**ASSIGNED TASK**
Show each line of the records in which the word "with" occurs.

**EXTRACTED INFORMATION**
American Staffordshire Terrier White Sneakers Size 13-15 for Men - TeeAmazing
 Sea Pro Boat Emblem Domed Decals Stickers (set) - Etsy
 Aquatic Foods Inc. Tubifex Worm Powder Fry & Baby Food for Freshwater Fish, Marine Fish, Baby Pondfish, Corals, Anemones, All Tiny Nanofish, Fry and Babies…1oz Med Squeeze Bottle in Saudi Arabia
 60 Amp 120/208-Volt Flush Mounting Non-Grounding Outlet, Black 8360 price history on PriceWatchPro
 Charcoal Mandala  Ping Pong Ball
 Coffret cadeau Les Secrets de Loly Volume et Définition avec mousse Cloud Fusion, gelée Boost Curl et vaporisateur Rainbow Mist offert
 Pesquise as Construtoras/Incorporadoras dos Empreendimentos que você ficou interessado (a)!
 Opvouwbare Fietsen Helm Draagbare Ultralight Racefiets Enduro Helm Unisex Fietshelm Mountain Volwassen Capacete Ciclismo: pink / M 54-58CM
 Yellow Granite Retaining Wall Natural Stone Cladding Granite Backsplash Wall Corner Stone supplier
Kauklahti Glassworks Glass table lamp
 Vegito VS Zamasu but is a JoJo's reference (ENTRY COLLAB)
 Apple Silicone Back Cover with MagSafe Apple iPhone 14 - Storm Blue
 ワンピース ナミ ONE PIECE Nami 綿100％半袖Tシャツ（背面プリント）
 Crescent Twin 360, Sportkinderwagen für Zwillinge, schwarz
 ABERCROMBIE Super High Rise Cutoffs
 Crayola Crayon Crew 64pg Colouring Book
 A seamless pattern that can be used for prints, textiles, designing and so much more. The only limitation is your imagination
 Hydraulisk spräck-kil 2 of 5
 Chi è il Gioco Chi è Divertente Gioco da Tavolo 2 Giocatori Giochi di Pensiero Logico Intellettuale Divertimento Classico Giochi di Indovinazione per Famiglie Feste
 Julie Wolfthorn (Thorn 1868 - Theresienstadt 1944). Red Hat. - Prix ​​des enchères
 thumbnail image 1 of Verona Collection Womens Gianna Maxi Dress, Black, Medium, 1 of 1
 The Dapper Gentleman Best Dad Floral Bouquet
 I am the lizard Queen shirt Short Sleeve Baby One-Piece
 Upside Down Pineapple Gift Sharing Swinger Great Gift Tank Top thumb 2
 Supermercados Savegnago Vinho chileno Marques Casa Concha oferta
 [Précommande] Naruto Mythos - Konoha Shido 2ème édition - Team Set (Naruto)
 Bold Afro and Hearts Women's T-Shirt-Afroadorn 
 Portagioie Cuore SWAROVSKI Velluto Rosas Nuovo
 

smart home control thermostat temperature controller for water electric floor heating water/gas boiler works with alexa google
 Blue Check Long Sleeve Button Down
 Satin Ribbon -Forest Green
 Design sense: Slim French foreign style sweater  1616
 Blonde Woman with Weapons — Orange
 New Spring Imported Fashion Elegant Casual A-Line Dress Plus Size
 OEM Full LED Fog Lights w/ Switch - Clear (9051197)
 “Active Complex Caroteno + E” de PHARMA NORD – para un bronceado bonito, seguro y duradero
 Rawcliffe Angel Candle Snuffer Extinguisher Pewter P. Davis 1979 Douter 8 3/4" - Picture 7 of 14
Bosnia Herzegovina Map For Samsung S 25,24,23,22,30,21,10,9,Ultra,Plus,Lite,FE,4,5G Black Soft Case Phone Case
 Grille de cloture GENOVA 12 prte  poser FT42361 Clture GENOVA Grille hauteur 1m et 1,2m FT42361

**RESULT**
 Apple Silicone Back Cover with MagSafe Apple iPhone 14 - Storm Blue
smart home control thermostat temperature controller for water electric floor heating water/gas boiler works with alexa google
 Blonde Woman with Weapons — Orange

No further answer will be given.